◆ **Problem description**
The reply should be an exact transcription of every record.

◆ **Material provided**
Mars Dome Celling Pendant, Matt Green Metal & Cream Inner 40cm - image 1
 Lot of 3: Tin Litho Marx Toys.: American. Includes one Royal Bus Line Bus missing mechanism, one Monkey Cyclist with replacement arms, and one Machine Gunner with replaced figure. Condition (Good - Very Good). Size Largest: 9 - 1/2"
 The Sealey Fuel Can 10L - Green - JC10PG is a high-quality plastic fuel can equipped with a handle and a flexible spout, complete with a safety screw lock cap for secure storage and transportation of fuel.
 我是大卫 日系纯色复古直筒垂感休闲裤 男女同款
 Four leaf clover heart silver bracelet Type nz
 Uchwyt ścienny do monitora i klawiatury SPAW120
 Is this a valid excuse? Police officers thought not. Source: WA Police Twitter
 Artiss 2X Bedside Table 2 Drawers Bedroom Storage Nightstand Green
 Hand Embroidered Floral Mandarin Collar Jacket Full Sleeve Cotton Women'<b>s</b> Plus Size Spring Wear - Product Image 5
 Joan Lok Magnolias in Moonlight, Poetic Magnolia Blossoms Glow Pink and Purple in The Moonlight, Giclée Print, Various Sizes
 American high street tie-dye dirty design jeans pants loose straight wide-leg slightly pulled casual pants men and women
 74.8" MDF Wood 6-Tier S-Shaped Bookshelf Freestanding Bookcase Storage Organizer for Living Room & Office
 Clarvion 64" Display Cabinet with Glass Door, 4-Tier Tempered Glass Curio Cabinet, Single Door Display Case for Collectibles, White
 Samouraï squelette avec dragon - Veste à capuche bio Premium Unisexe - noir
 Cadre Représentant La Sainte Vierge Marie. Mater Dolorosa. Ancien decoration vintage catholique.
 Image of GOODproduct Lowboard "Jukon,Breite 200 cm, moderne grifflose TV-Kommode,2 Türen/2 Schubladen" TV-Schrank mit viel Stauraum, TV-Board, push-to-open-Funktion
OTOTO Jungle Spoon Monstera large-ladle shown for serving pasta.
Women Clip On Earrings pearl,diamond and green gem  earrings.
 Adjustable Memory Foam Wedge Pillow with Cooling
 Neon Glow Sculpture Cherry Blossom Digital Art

◆ **Written answer**
Mars Dome Celling Pendant, Matt Green Metal & Cream Inner 40cm - image 1
 Lot of 3: Tin Litho Marx Toys.: American. Includes one Royal Bus Line Bus missing mechanism, one Monkey Cyclist with replacement arms, and one Machine Gunner with replaced figure. Condition (Good - Very Good). Size Largest: 9 - 1/2"
 The Sealey Fuel Can 10L - Green - JC10PG is a high-quality plastic fuel can equipped with a handle and a flexible spout, complete with a safety screw lock cap for secure storage and transportation of fuel.
 我是大卫 日系纯色复古直筒垂感休闲裤 男女同款
 Four leaf clover heart silver bracelet Type nz
 Uchwyt ścienny do monitora i klawiatury SPAW120
 Is this a valid excuse? Police officers thought not. Source: WA Police Twitter
 Artiss 2X Bedside Table 2 Drawers Bedroom Storage Nightstand Green
 Hand Embroidered Floral Mandarin Collar Jacket Full Sleeve Cotton Women'<b>s</b> Plus Size Spring Wear - Product Image 5
 Joan Lok Magnolias in Moonlight, Poetic Magnolia Blossoms Glow Pink and Purple in The Moonlight, Giclée Print, Various Sizes
 American high street tie-dye dirty design jeans pants loose straight wide-leg slightly pulled casual pants men and women
 74.8" MDF Wood 6-Tier S-Shaped Bookshelf Freestanding Bookcase Storage Organizer for Living Room & Office
 Clarvion 64" Display Cabinet with Glass Door, 4-Tier Tempered Glass Curio Cabinet, Single Door Display Case for Collectibles, White
 Samouraï squelette avec dragon - Veste à capuche bio Premium Unisexe - noir
 Cadre Représentant La Sainte Vierge Marie. Mater Dolorosa. Ancien decoration vintage catholique.
 Image of GOODproduct Lowboard "Jukon,Breite 200 cm, moderne grifflose TV-Kommode,2 Türen/2 Schubladen" TV-Schrank mit viel Stauraum, TV-Board, push-to-open-Funktion
OTOTO Jungle Spoon Monstera large-ladle shown for serving pasta.
Women Clip On Earrings pearl,diamond and green gem  earrings.
 Adjustable Memory Foam Wedge Pillow with Cooling
 Neon Glow Sculpture Cherry Blossom Digital Art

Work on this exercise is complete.